[創作論760] 樹木の育ち

都会の樹木は、周囲の路面が舗装されていると育ちが悪くなると示唆されました。

都市に植えられた樹木がもたらす効果は、樹冠の大きさや密度に左右され、生育の悪い樹木では最大限のメリットを享受することができません。
そのため、単に市街地に植林して緑地化を進めるだけでなく、樹木がより大きく育つ条件を整えることが重要です。
研究チームは、都市における樹木の成長を制限する主なストレス要因のひとつは「路面の舗装」であると指摘しています。
木の周囲の地表がアスファルトなどで舗装されていると、土壌への雨水の浸透が妨げられ、樹木が吸収できる水と栄養素の量が減少します。
また、舗装された地面は大気や地表、土壌の温度を上昇させるほか、土壌の通気も悪くなるため根の発達が妨げられる可能性があるとのことです。

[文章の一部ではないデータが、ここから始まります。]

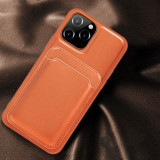 Husa Telefon iPhone 12 / 12 Pro Din Piele Ecologica Cu Suport Carduri Magnetic Portocalie, Apple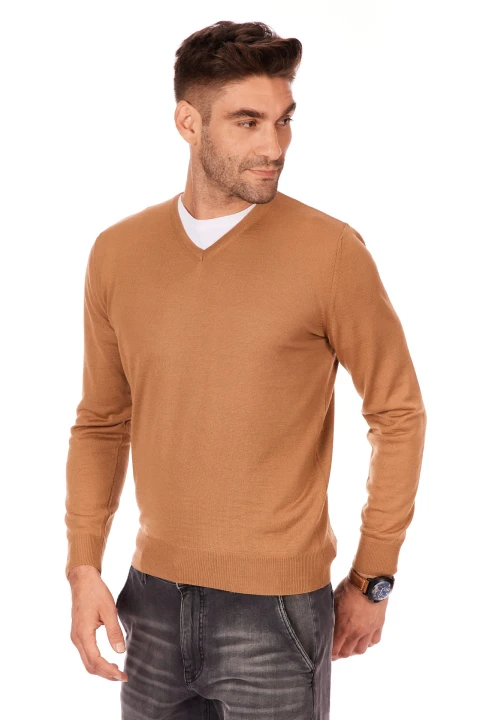 sweter-meski-w-serek-wełna-akryl-camel-klasyka-elegancki-Lanieri-Fashion.jpg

しかし、これまで街路樹の生育と路面の舗装と結びつけた研究は限られていました。
今回研究チームはスウェーデンのヨーテボリとメルンダルの複数地域で、アメリカガシワ・セイヨウトチノキ・セイヨウシナノキといった街路樹に路面の舗装が及ぼす影響について調査しました。

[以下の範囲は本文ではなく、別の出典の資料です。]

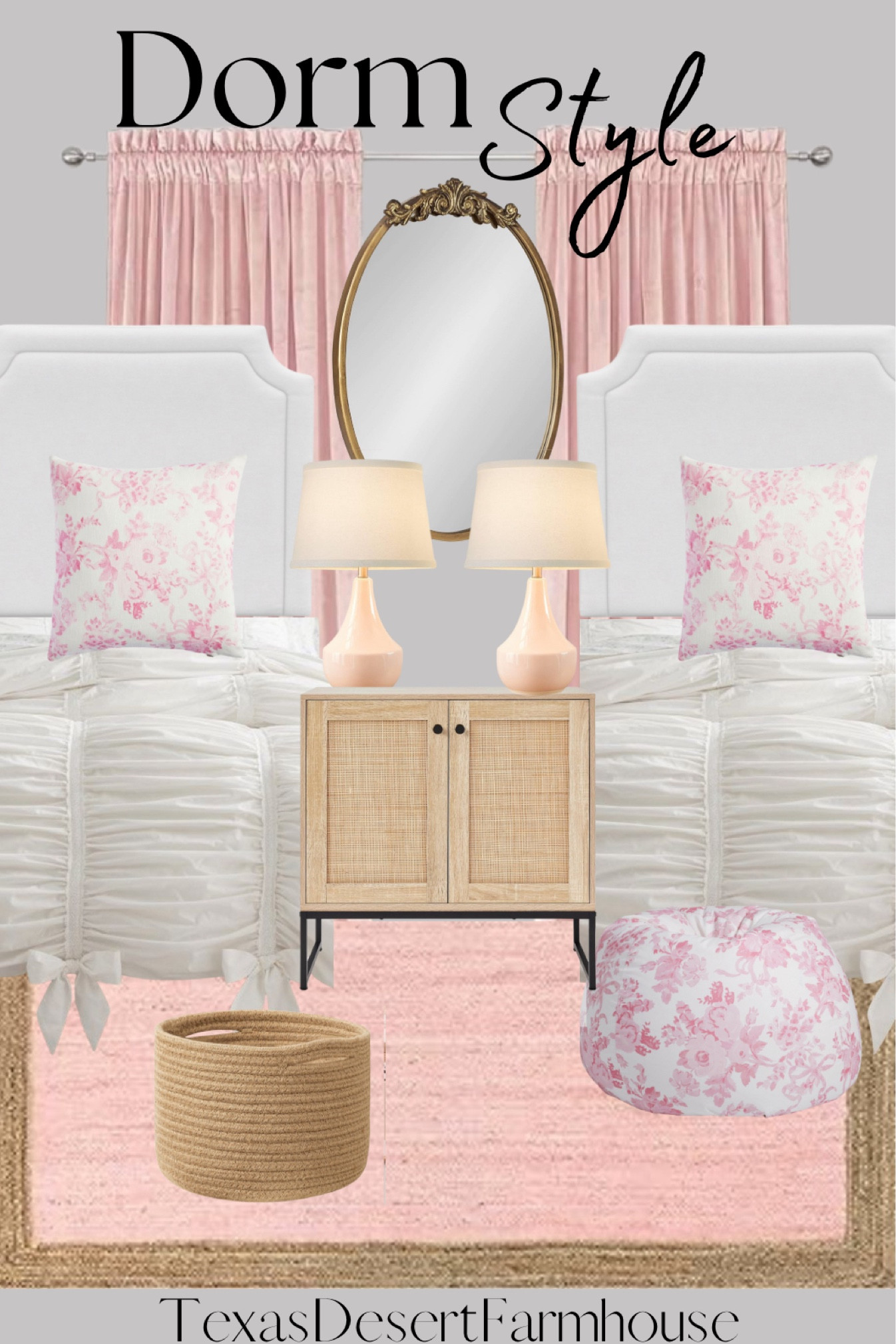 Dorm Room Style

研究では樹冠の密度、樹木の成長、葉から蒸散で放出される水の量など、さまざまなパラメータに基づいて評価が行われました。
これらのパラメータは樹木がもたらす効果と密接に関連しており、たとえば樹冠が大きくて密度が高いほど遮光効果が強まり、蒸散は天然の空調として機能して空気を冷やします。

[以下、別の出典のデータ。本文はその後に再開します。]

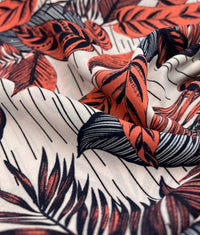 Coral Leaf Printed Chiffon Dress Fabric - T9 Fabrics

分析の結果、周囲の地表が草に囲まれている樹齢20~30年の街路樹は、地表が舗装されている街路樹と比較して平均2.6m高く、樹冠が1.3mも広いことが判明しました。
さらに樹冠の密度は61%も高く、冷却効果も2倍ほど強くなりました。
なお、根に水が届きにくいことの影響は木の種類によって異なり、セイヨウトチノキは舗装された路面の影響を最も受けにくかったとのことです。
しかし、路面の条件が良い場合は大気の冷却効果がアメリカガシワやセイヨウシナノキよりも劣っていたそうで、すべてのセイヨウトチノキを植えればいいというわけではないようです。


興味深い研究結果ですね。
自然をテーマにした創作活動もアリですね。